Cuba's Guillermo Rigondeaux has won two Olympic bantamweight titles and hopes to try for a third this summer in Beijing. But he and 2005 welterweight world champion Erislandy Lara disappeared in July during the Pan American Games in Rio de Janeiro. Both were later arrested for overstaying their visas and sent back to Cuba.
Rigondeaux and Lara insist they never intended to defect, but a German promoter said they signed contracts and the German embassy in Brazil reported both had applied for visas. Castro wrote in an essay shortly after their return to Cuba that the pair "had reached the point of no return" with the national boxing team.
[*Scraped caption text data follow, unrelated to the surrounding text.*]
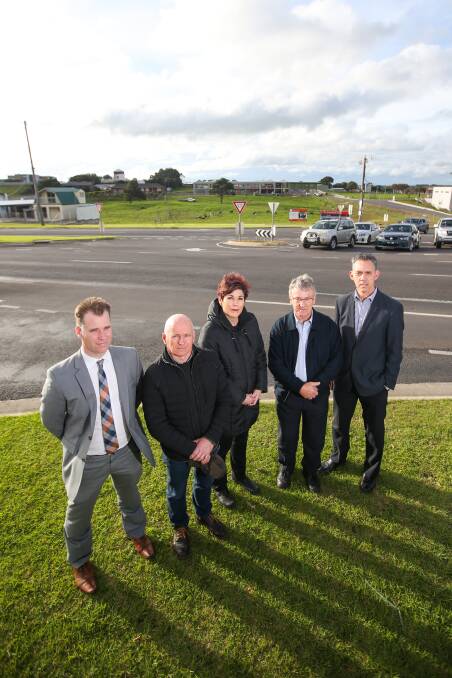 REPORT: Warrnambool City Council infrastructure director Scott Cavanagh with Peter Hulin, Sue Cassidy, Rob Anderson and Mike Neoh at the Botanic Road intersection.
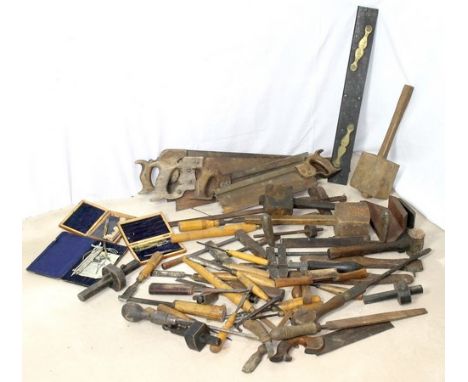 A quantity of Victorian and later woodworking tools including a gauge, chisels, gouges, saws and mallets, together with part 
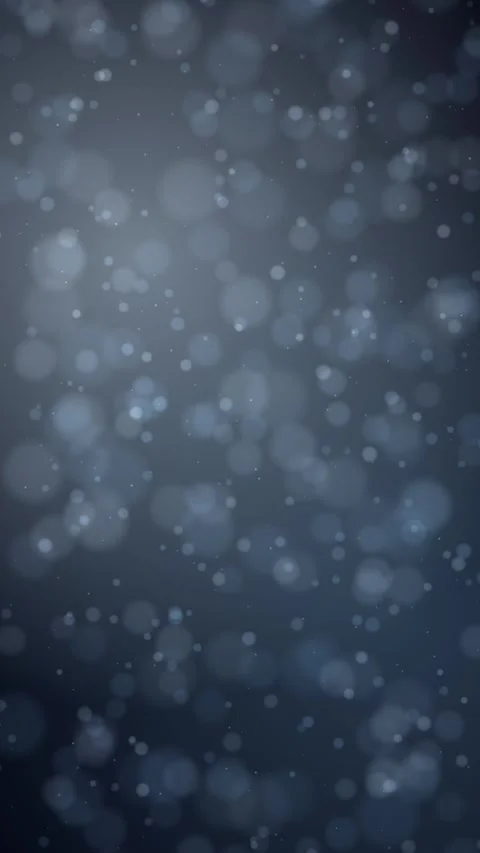 Softly blurred bokeh lights drift downward against a dark blue gradient Vídeo Stock 345185796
But Stevenson, vice president of the Cuban Boxing Federation, said it would not surprise him if both compete formally again, saying they would have to "climb back in the ring and win." He quickly added, however, that reinstatement to the national team was not up to him.
"In our country there is a system of reeducation that can be applied to those who commit an error or have flaws," he said. "The only ones you can't pardon are traitors."
Stevenson, who also won three world amateur titles and two Pan Am golds, said he did not consider Rigondeaux and Lara traitors because they expressed their desire to return to Cuba after they were arrested in Brazil. He did not clarify what he meant by re-education, but talked about prisoners and others who are "rehabilitated."
In an interview on Monday, Rigondeaux said he has continued to train and stay in shape to box for Cuba in the Olympics. But he said that no top government official has visited him since he returned to the island on Aug. 5.
Jose Ramon Fernandez, head of Cuba's Olympic Committee, said on Thursday that while boxing authorities have not allowed either fighter to return to the ring formally, both continue to draw state salaries as athletes.
He said boxing authorities were still "analyzing" their cases, but would not comment further.